CACI MAKI MENGUAT SOLIDARITAS MENURUN MENGAPA?

Artikel Pinto Janir(Pinto Janir) 11 Desember 2015 18:48:33 WIB


Catatan Pinto Janir

Aku menulis surat ini ketika hujan sore berderai-derai di kotaku yang dingin. Aku menggigil bukan karena tak tahan ditikam angin, dingin dan hujan. Tapi ketika payung yang kukembang tak lagi bisa menenggang hujan yang deras.

Aku menggigil, bukan karena dingin. Tapi karena melihat mobil yang mogok terjebak banjir dan didorong oleh beberapa orang lelaki. Ketika kendaraan keluar dari genangan air, beberapa tangan lelaki menampung ke pengendara. " Terimakasih....", katanya sambil mengantongi sejumlah uang.

Aku berjalan, pada sebuah simpang beberapa lelaki mengarahkan mobil untuk ke jalan lain karena jalan lurus macet. Kemudian mereka menampungkan kotak tempat pengendara melemparkan uang. Terimakasih!

Berhari kemudian, hujan sudah lama reda. Kotaku yang tadinya berlangit bersih, kini berkabut. Dari kabut bercampur asap. Dari asap menjadi pengap. Langitku kotor. Karena di hutan tak ada lagi solidaritas perimba modern. Hutanku dipanggang pembuka ladang.

Aku membuka Facebook dalam segelas kopi manis. Namun beranda FBku penuh dengan carut marut dan caci maki. Sopan santun seakan lenyap. Tukang caci seperti ingin dianggap kritis.
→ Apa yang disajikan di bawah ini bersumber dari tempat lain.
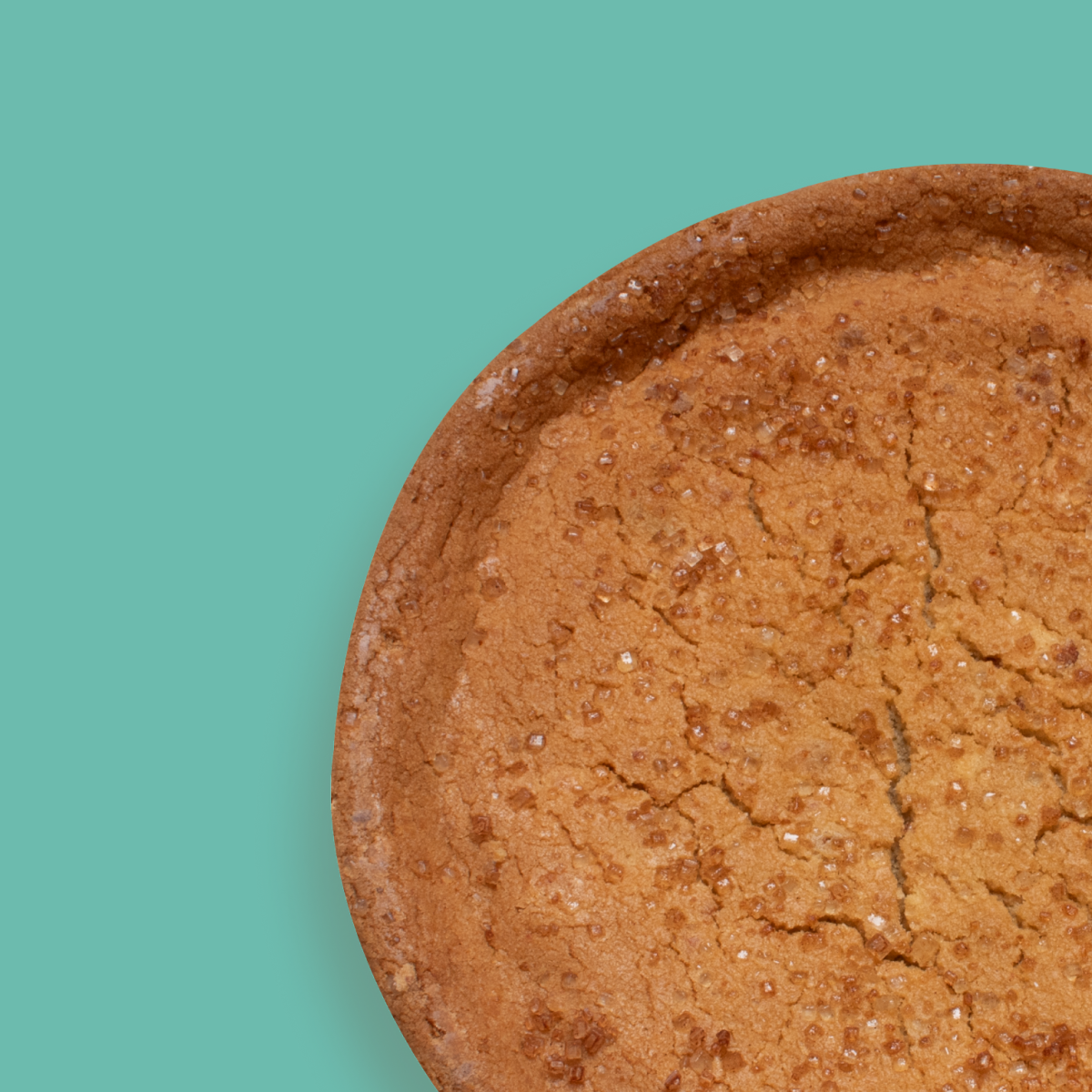 Snickerdoodle Pizza Cookie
Umpatan kakus membuat beranda FB-ku busuk. Bau.

Orang-orang yang selalu merasa benar, keras dan tajam, seakan-akan ingin dianggap idealis. Kerja tuan seakan salah melulu.

Lalu aku harus bagaimana? Apakah harus larut dan ikut dalam simponi caci maki atau orkestra kebencian biar dipandang kritis dan idealis?
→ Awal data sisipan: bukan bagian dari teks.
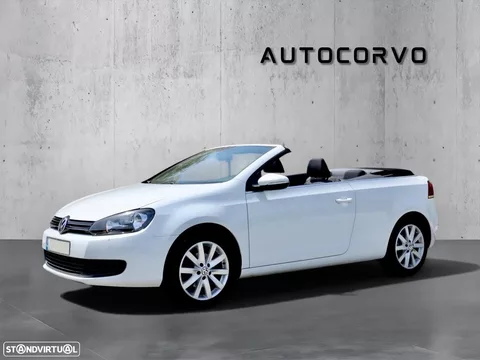 VW Golf Cabriolet 1.2 TSI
Tidak. Aku memilih diam, bukan karena diam itu emas. Bukan karena aku ingin dianggap baik. Karena dalam hiruk pikuk yang sangat galau, orang baik memilih diam karena tak sudi terjebak dalam kegaduhan pikiran beragam dalam irama yang seakan mendendangkan rasa sakit yang tak hilang-hilang; sehingga yang muncul jeritan keras kemudian seakan terjebak dalam keluhan kebencian yang membawa dendam tak berkesudahan.

Mengapa kita saling mengasah muncung sampai berkeruncingan untuk menikam sesuatu yang sebenarnya tak perlu ditikam-tikam benar. Aduh...!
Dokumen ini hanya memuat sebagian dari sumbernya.